** The task **
Every line in the listing below from the one with "Best Witch Leather" through the one with "Presupuestodel Taller 27" is to be reproduced exactly, both ends included; leave out the rest.

** Exercise input **
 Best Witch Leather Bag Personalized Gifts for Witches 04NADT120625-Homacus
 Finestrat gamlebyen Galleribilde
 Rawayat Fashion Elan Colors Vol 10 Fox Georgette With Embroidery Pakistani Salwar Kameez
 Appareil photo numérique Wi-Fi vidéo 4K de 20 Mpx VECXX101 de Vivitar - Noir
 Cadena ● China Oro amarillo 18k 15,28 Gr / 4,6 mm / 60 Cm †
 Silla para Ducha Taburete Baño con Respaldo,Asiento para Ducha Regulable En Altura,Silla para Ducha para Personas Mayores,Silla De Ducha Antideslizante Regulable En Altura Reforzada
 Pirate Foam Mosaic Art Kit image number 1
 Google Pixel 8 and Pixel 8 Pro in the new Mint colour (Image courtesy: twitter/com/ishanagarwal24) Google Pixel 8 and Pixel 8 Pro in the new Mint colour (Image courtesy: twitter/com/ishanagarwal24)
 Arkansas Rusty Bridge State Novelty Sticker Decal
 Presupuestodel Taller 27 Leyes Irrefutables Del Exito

* * *

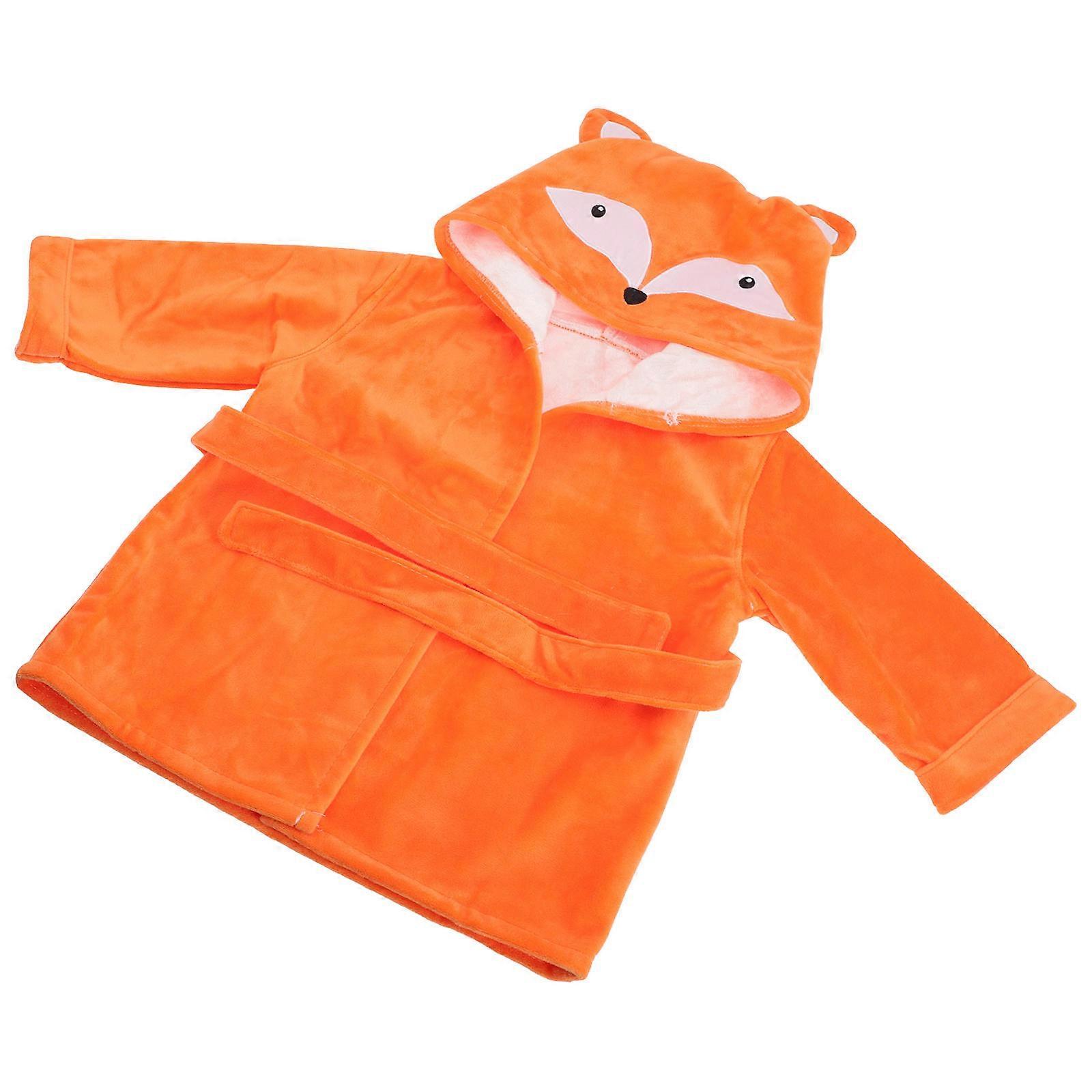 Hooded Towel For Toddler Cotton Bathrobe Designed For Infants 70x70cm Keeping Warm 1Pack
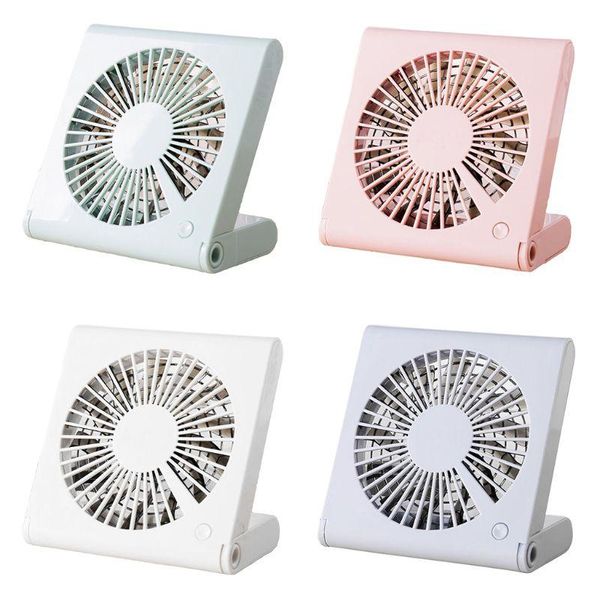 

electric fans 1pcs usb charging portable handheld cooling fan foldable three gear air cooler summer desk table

* * *

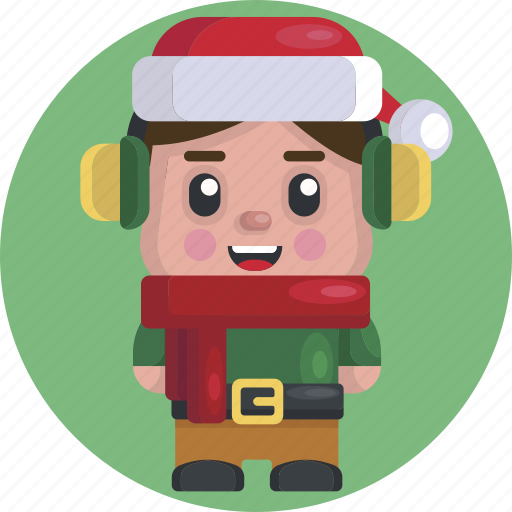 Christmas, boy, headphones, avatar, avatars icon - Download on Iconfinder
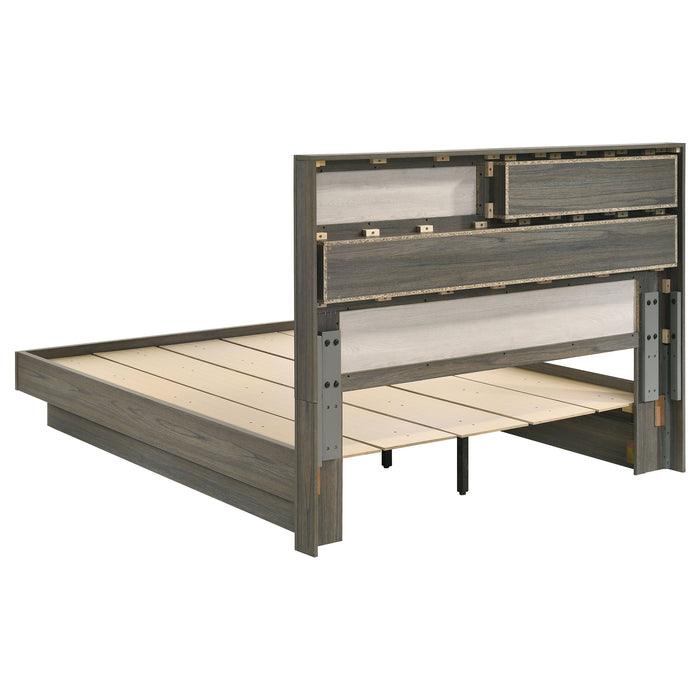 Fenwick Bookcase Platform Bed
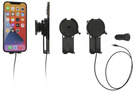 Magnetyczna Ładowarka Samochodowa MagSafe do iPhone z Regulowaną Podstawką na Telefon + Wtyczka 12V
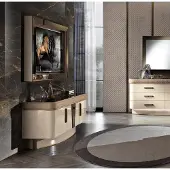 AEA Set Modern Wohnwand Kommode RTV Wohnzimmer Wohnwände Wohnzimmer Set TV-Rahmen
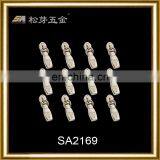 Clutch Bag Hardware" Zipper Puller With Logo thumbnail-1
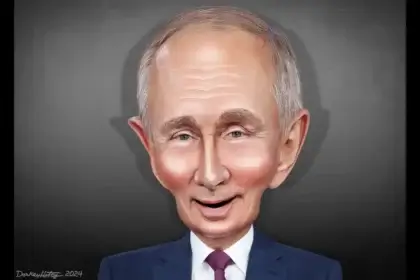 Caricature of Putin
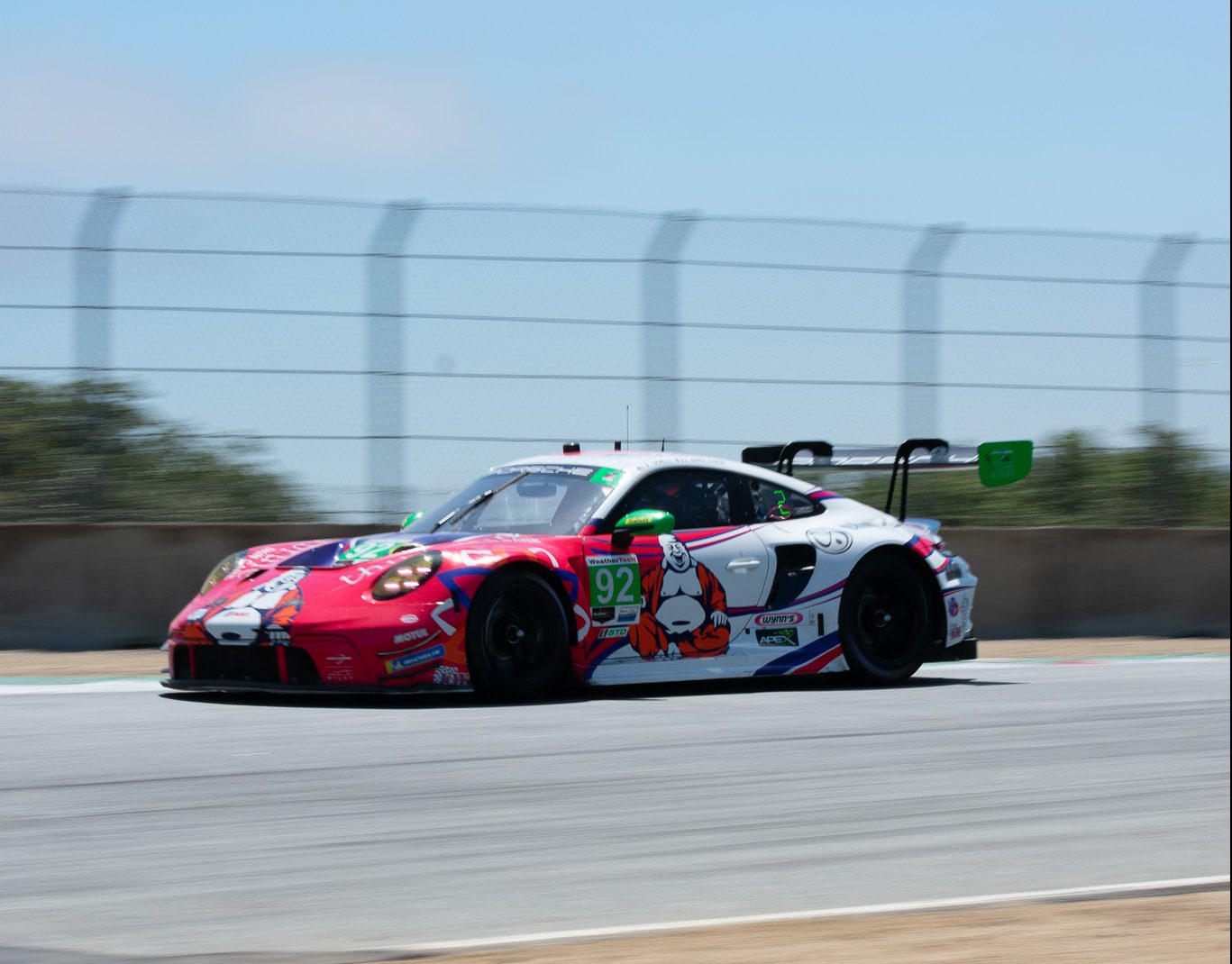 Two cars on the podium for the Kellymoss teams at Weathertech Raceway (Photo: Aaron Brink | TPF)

** Response to the task **
 Best Witch Leather Bag Personalized Gifts for Witches 04NADT120625-Homacus
 Finestrat gamlebyen Galleribilde
 Rawayat Fashion Elan Colors Vol 10 Fox Georgette With Embroidery Pakistani Salwar Kameez
 Appareil photo numérique Wi-Fi vidéo 4K de 20 Mpx VECXX101 de Vivitar - Noir
 Cadena ● China Oro amarillo 18k 15,28 Gr / 4,6 mm / 60 Cm †
 Silla para Ducha Taburete Baño con Respaldo,Asiento para Ducha Regulable En Altura,Silla para Ducha para Personas Mayores,Silla De Ducha Antideslizante Regulable En Altura Reforzada
 Pirate Foam Mosaic Art Kit image number 1
 Google Pixel 8 and Pixel 8 Pro in the new Mint colour (Image courtesy: twitter/com/ishanagarwal24) Google Pixel 8 and Pixel 8 Pro in the new Mint colour (Image courtesy: twitter/com/ishanagarwal24)
 Arkansas Rusty Bridge State Novelty Sticker Decal
 Presupuestodel Taller 27 Leyes Irrefutables Del Exito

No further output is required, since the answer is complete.